All of us have been sometime in our lives in very difficult situations when we got the support and strength from our friends and family. Studies show that people in such situations often do not know how to react upon the situation. It happens that we make outstandingly excessive advices with preaching when others suffer and that is exactly what those people need most in those moments. That’s why here we will give you a few tips you can and can’t say when a person is passing through a difficult period:


For start, it is important to know that you should never say the following:
Think Positively (Only Apllies if She Practices Meditation)
From all the phrases this is the worst. From the person that goes through a difficult period we expect to smile like she’s forced to in a specifically artificial way even when she’s not up to it, and she certainly thinks it’s bad to be sad when she actually needs to be sad. Tell your friend that it’s okay to cry by letting the pain out, and it’s the utmost important to listen to her emotions, and to laugh when she’s happy and to cry when she is sad.
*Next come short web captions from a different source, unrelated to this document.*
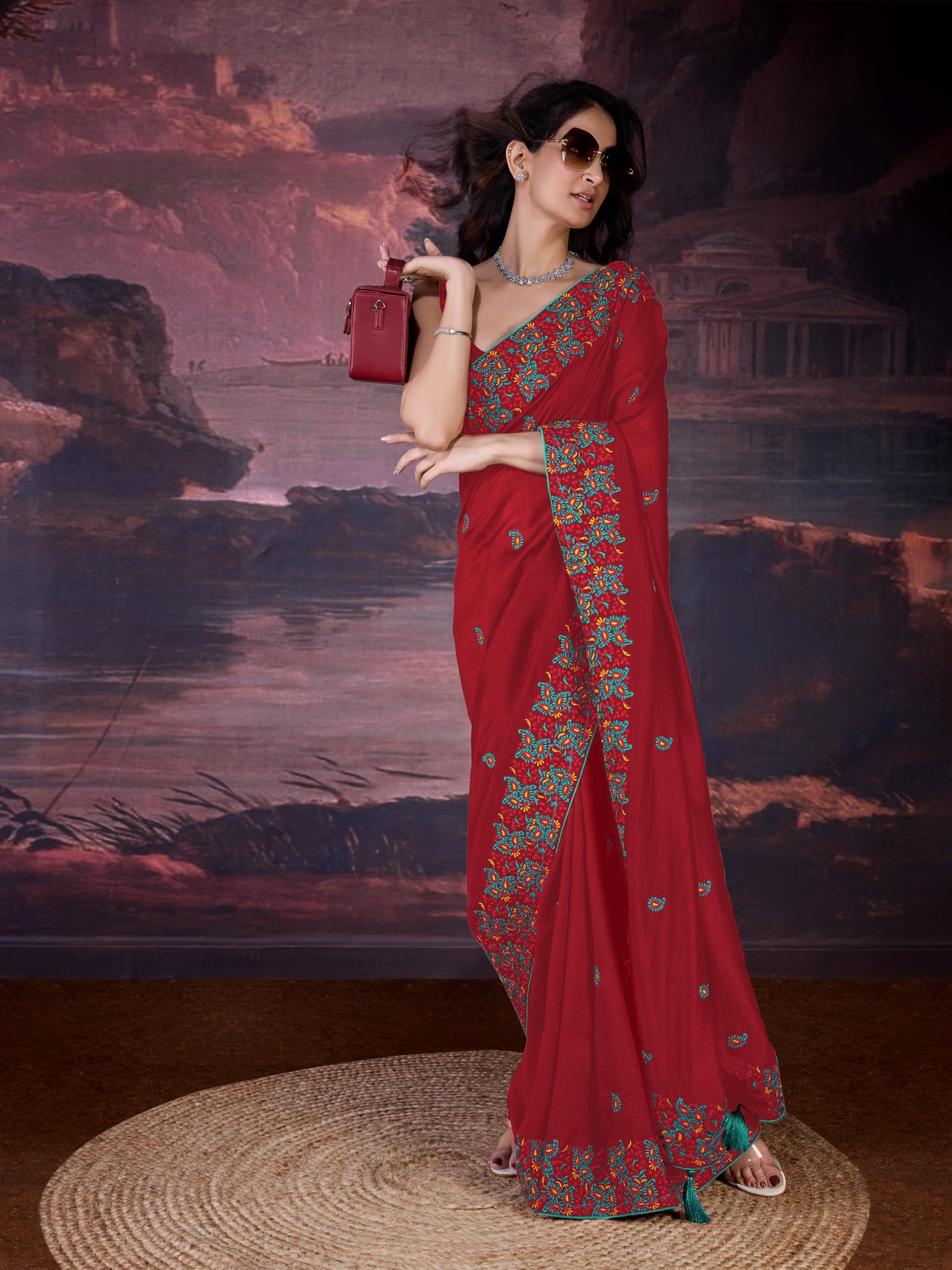 TRENDMALLS Women's Vichitra Silk Heavy Embroidred work Saree with Unstitched Blouse Piece - Image 8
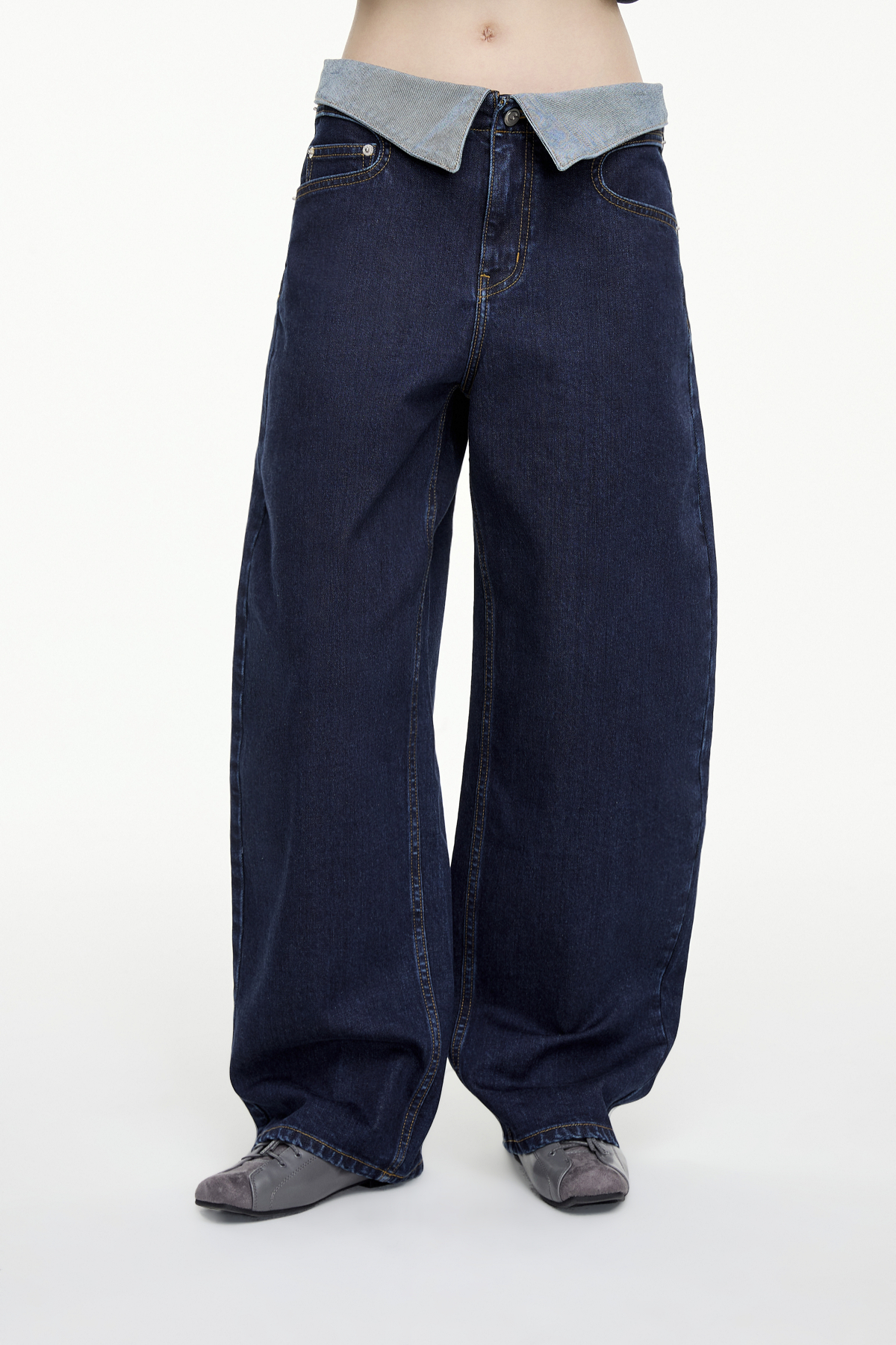 Contrast Fold Waist Jeans - GW26900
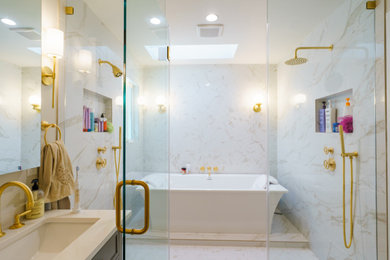 Example of a large transitional master white tile and marble tile marble floor, white floor and double-sink bathroom design in Los Angeles with shaker cabinets, gray cabinets, a bidet, white walls, a drop-in sink, marble countertops, a hinged shower door, white countertops and a freestanding vanity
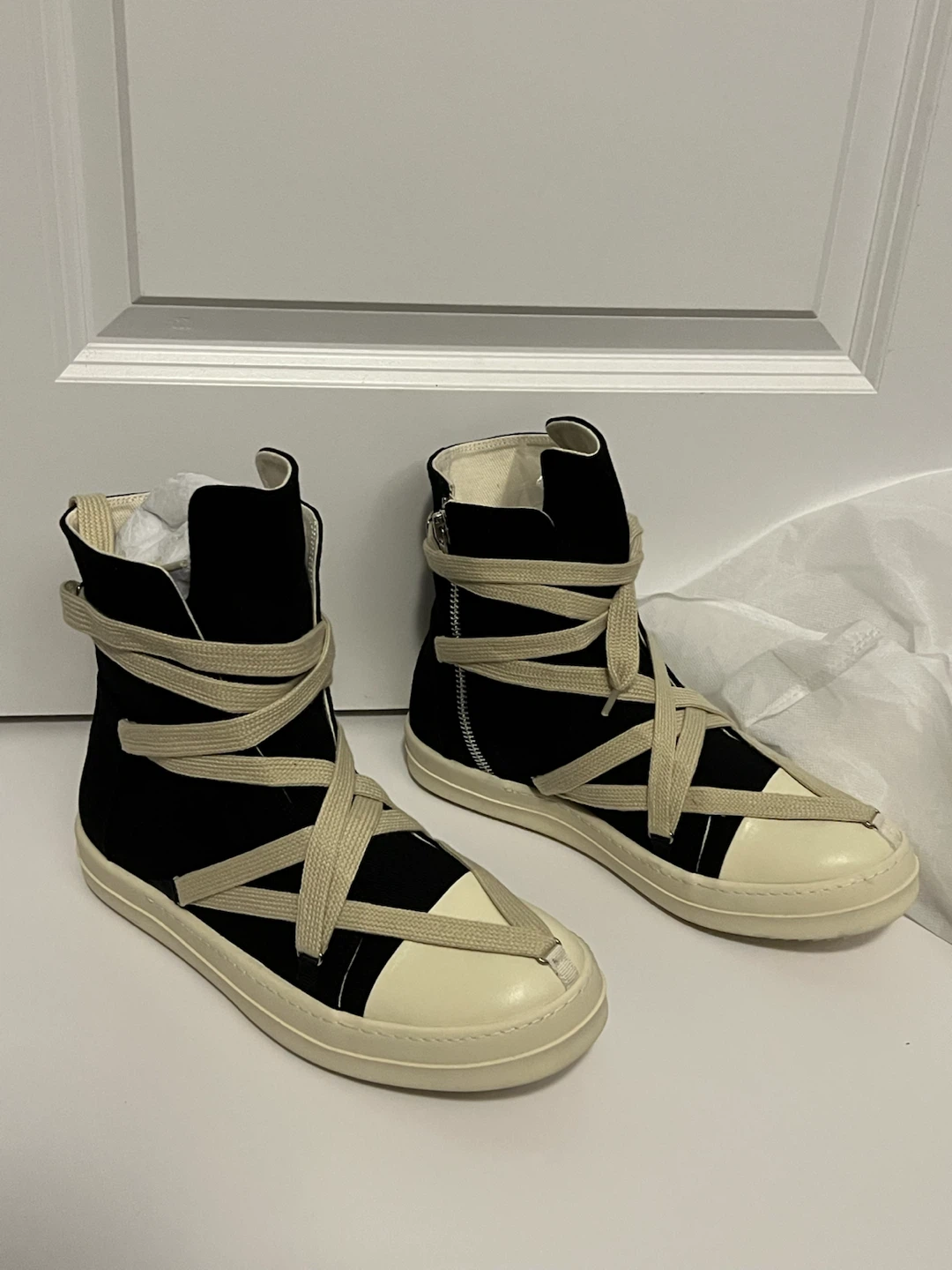 Black Canvas High-Top Sneakers
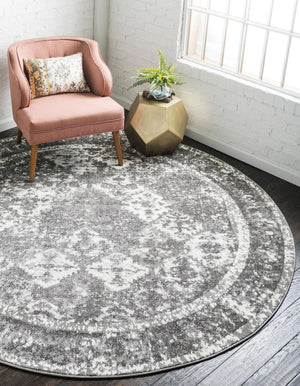 Gray 4' 1 x 4' 1 Rosso Round Area Rug Vintage Distressed Faded Traditional Design Carpet for Unique Home Interior Design for Sale at Rug Engine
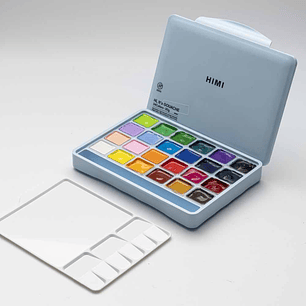 HIMI SET GOUACHE 24 COLORES / 30GR (INCLUYE PINCEL) CELESTE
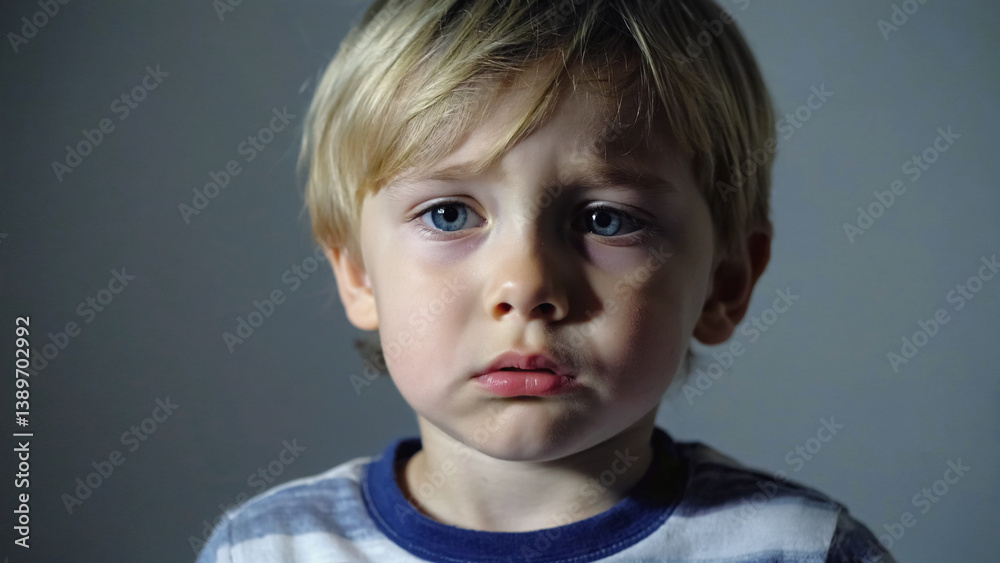 A young boy with a thoughtful and sad expression, perfect for scenes where someone is feeling down or introspective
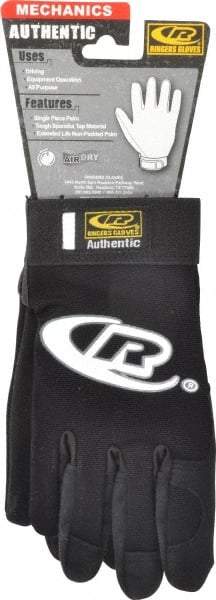 Ringers Gloves - Size L (10) Synthetic Leather General Protection Work Gloves - For Mechanic's & Lifting, Uncoated, Hook & Loop Cuff, Full Fingered, Black, Paired - Americas Industrial Supply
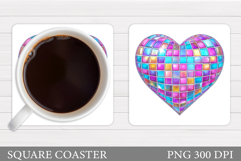 Disco Heart Coaster Design. Valentine Coaster Sublimation Product Image 1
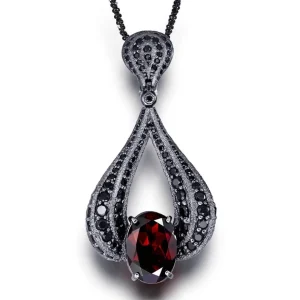 Pendants*Alex Soldier Gold Twist Pendant With Garnet & Black Spinel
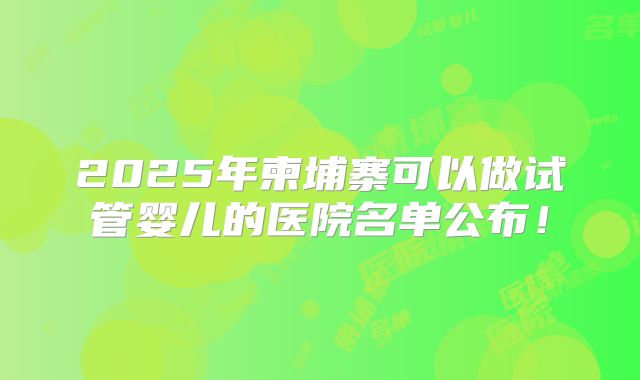 2025年柬埔寨可以做试管婴儿的医院名单公布！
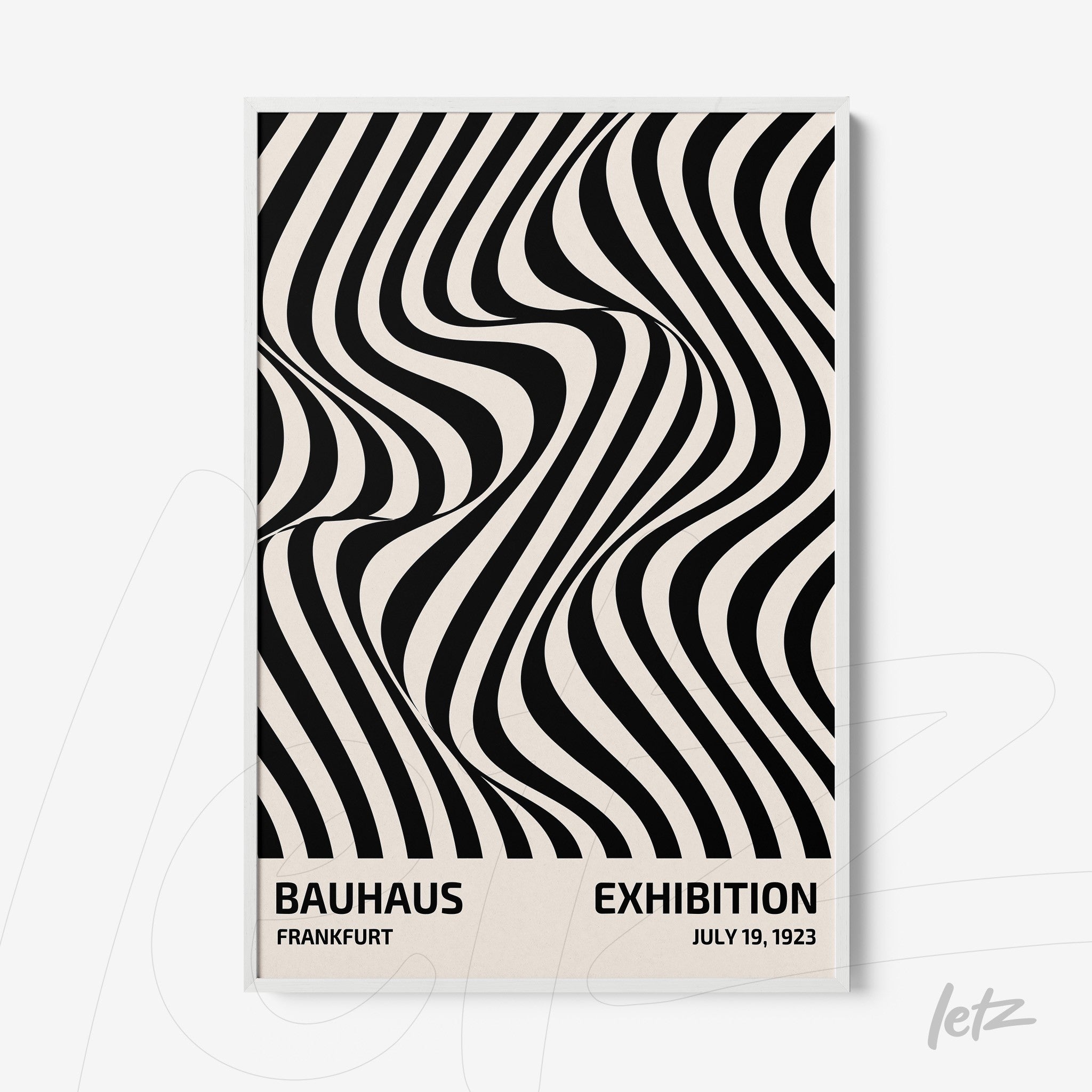 black and white poster with geometric wavy line design in white frame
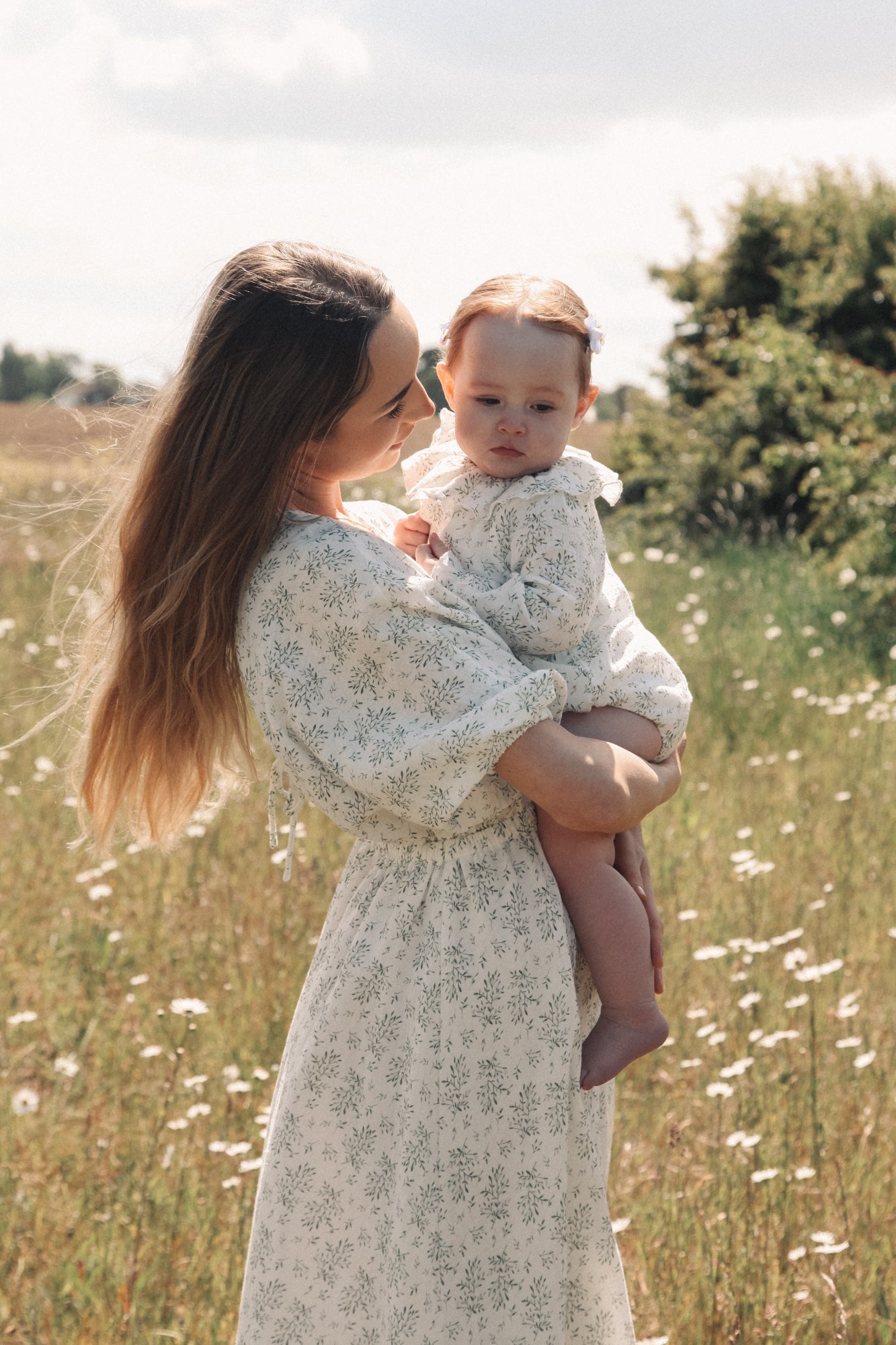 Olive Leaves/Muslin MAMA Midi Dress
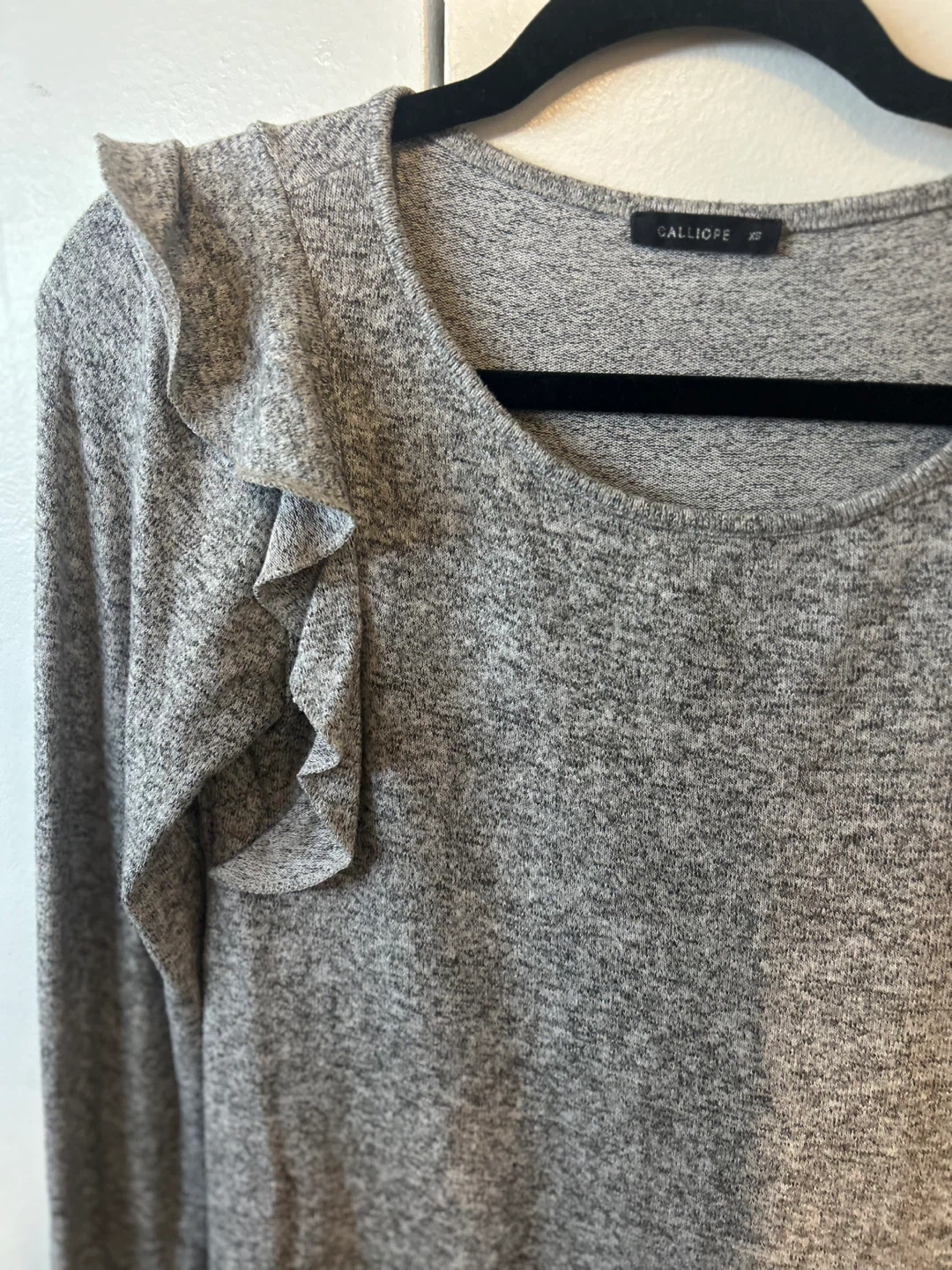 Calliope Grey Ruffle Long Sleeve Top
I Know What You go Through
Only if that someone is your siamese twin, only then you can say that you know what she goes through. Never tell anyone that you don’t know what she goes through. The best thing to do is to tell your friend, “yes, I understand” by offering her a cup of tea or coffee (tea is best because it calms the brain – the opposite of coffee). The person who has a problem, all she want is someone to listen to her without telling her what to do and all the preaching stuff, especially if you are not an expert in that field, and especially if you give her the wrong advice.

Everything Will Be Fine
While it sounds encouraging, these words actually are not what they are. By saying that, you just don’t know if that thing you are encouraging her for will be ok or not. You can’t know 100% whether someone’s partner or marriage partner will return from after leaving before or running away for good even if you help them secretly to get back, or something like solving a health problem, or at last, that she can get out of the financial crisis,… Whatever you do, just don’t rush and let the time decide.
Don’t ever use the words like “you don’t have a salary, but you will get it,…” just so you can get rid of her problem because those are all just “shallow words”, they don’t solve the problem – only prolong it.

It is always wise and better to be silent, remember, always. Do not use shallow phrases such as “only the best die young”, “time heals”, “you’re not the first nor the last”, “do not worry”, …

On the Other Hand, Here’s What You Can Do:
- Ask: Is there anything that I could make so it would ease the current situation? Or, for example, give your friend the acknowledge that you’re here whenever you need to be (and actually obey those words and not just saying them) .
- Never force your friend to see her in those bad moments. Give her the time to settle on her own so that she will invite you (normally, this does not apply if you are afraid for their safety).
- Listen to what your friends say – they do not need your advice but your compassion.
- If you still have the need to say something encouraging, rather than just to say something like “everything will be okay”, better say it with a reliable and determined voice meaning that you are besides them 100% where together you will overcome this problem.

ADVICE: If you are the person who has these problems, be careful to whom you open your problems. It must be an old friend where many times she has proven herself that she is ready to be for you at all times or a family member or a similar member that will always stand behind you in any problem or situation. Also, remember that there are friends who are happy the more problems you have and suffer, where you give them joy because you are helpless and where they are currently in a better advantage in life than you (financial, work, partner,…). What this means is that actually they are not your friends at all, and often they do not know how to listen to your problems, where they give you cheap advices and by doing nothing about you except that they just simply fill or waste the time by enjoying in your problems. On the other hand, if you consult someone who also has a problem or a similar situation – you should also be very careful because the easiest way to manipulate is the injured and broke people in all levels, and consider this well, so the next time on your next meeting you will give her the needed support and tell her that you’re always here for her if possible. And if the problem is of a financial nature, you must certainly help her because patting your shoulder is not a solution and is only for crying. One of the most magnificent human qualities is to help someone, and not only close friends, but everyone you can, meaning doing it in a true and honest way without conditions and only with love says your one and only Dule Vilar.